◆ Work item:
Can the lines below, from the one that holds "Beach Summer Floral" to the very end, be echoed exactly, with both ends included and no pictures?

◆ Dataset extract:
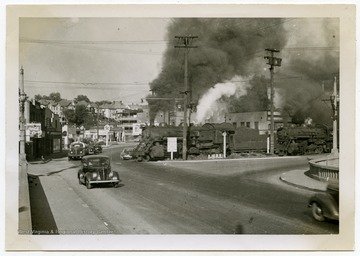 Caption reads: "West Pike Street, US 50 looking East at intersection with US 19 (Milford Street) and B and O Railroad Crossing."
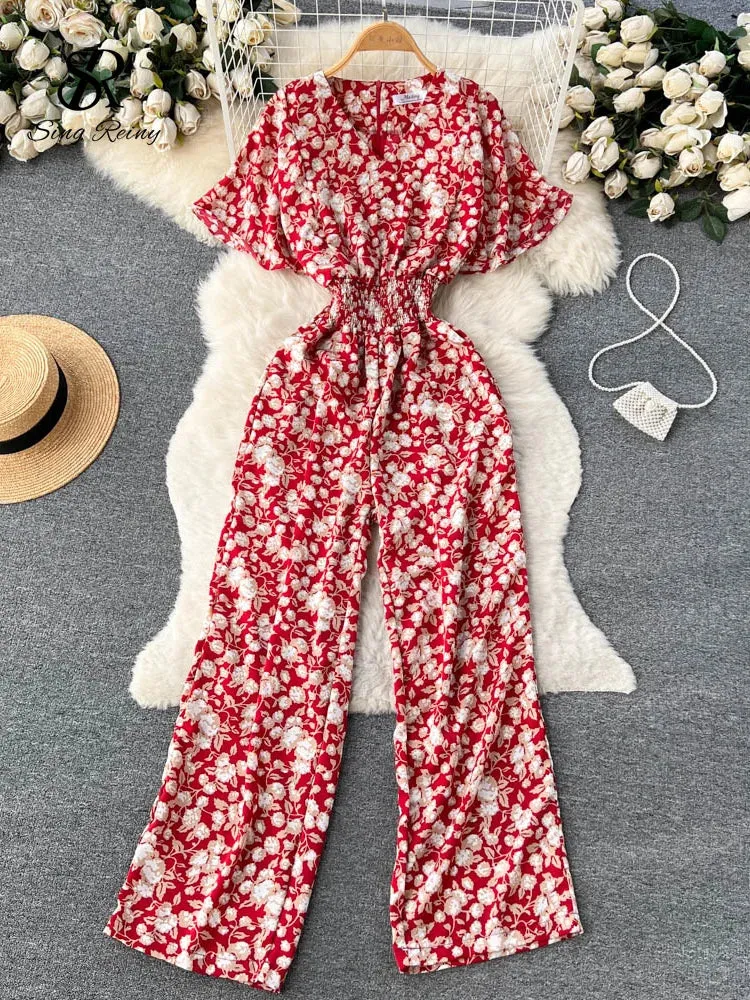 Beach Summer Floral Jumpsuits Fashion V Neck Elastic Slim Short Sleeve Streetwear Vacation Retro Long Rompers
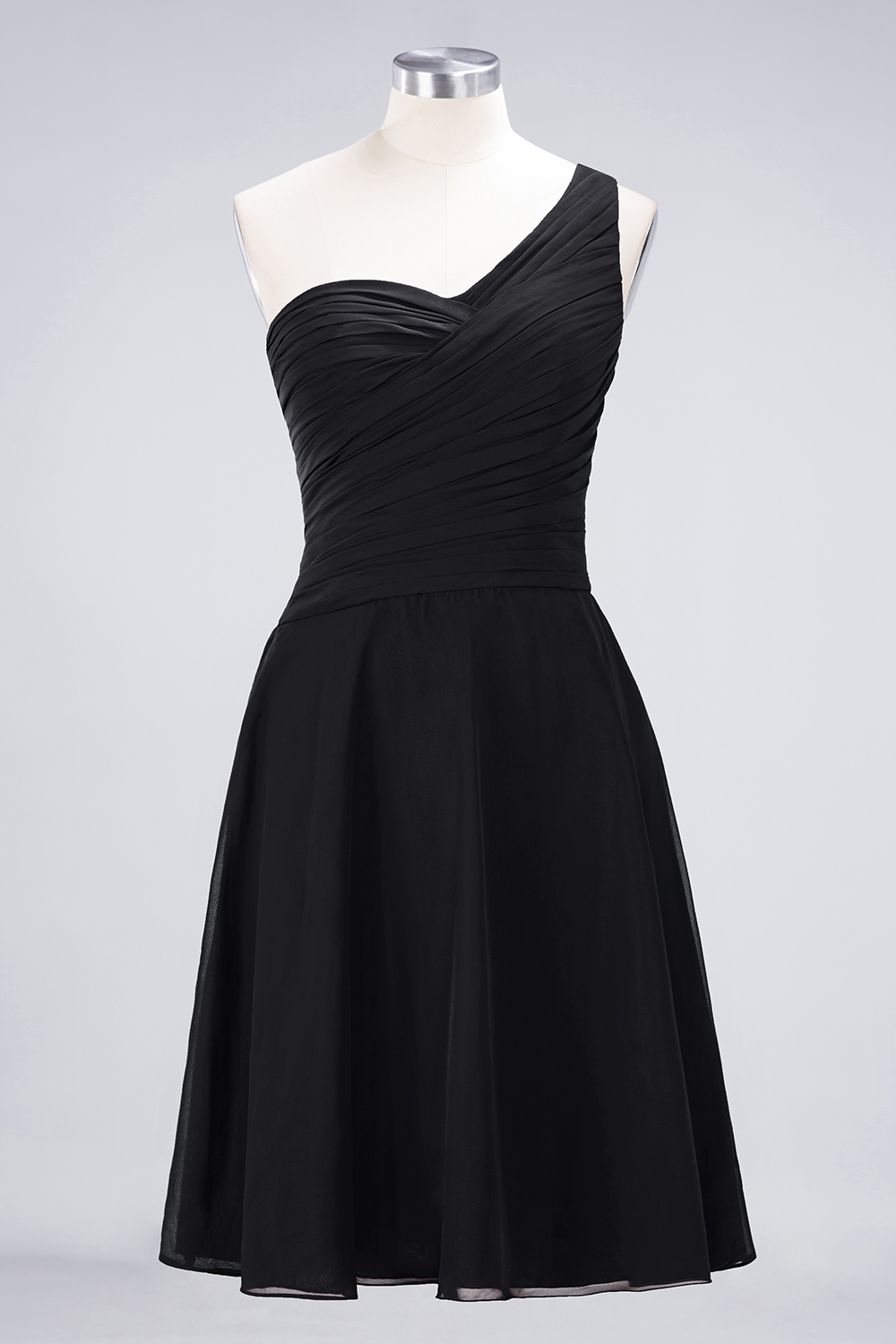 A-line One Shoulder Sweetheart Neck Sleeveless Knee-length 100D Chiffon Bridesmaid Attire With Ruffles 57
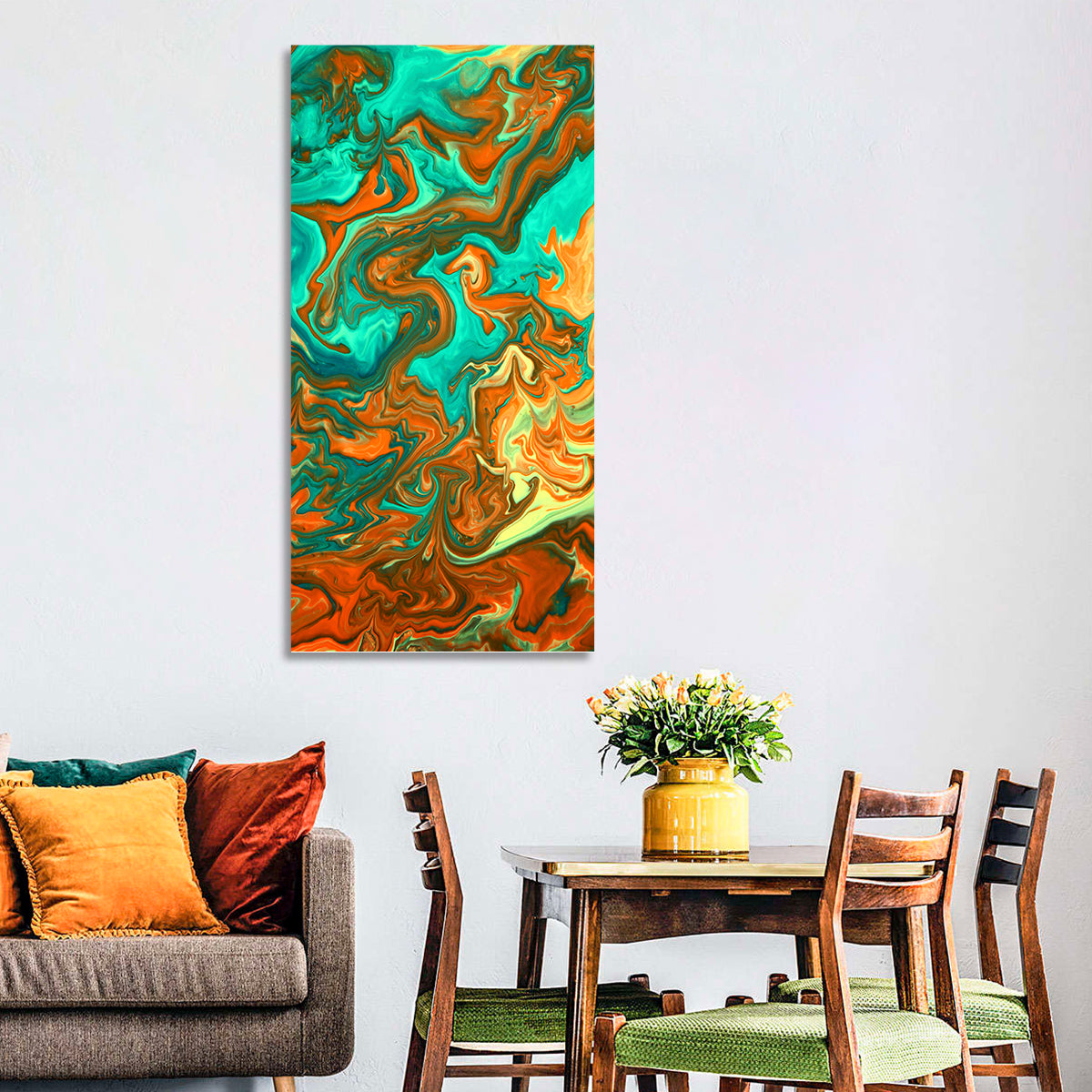 Blue Streams Abstract Wall Art in a room, portrait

◆ Expected answer:
 Beach Summer Floral Jumpsuits Fashion V Neck Elastic Slim Short Sleeve Streetwear Vacation Retro Long Rompers
 A-line One Shoulder Sweetheart Neck Sleeveless Knee-length 100D Chiffon Bridesmaid Attire With Ruffles 57
 Blue Streams Abstract Wall Art in a room, portrait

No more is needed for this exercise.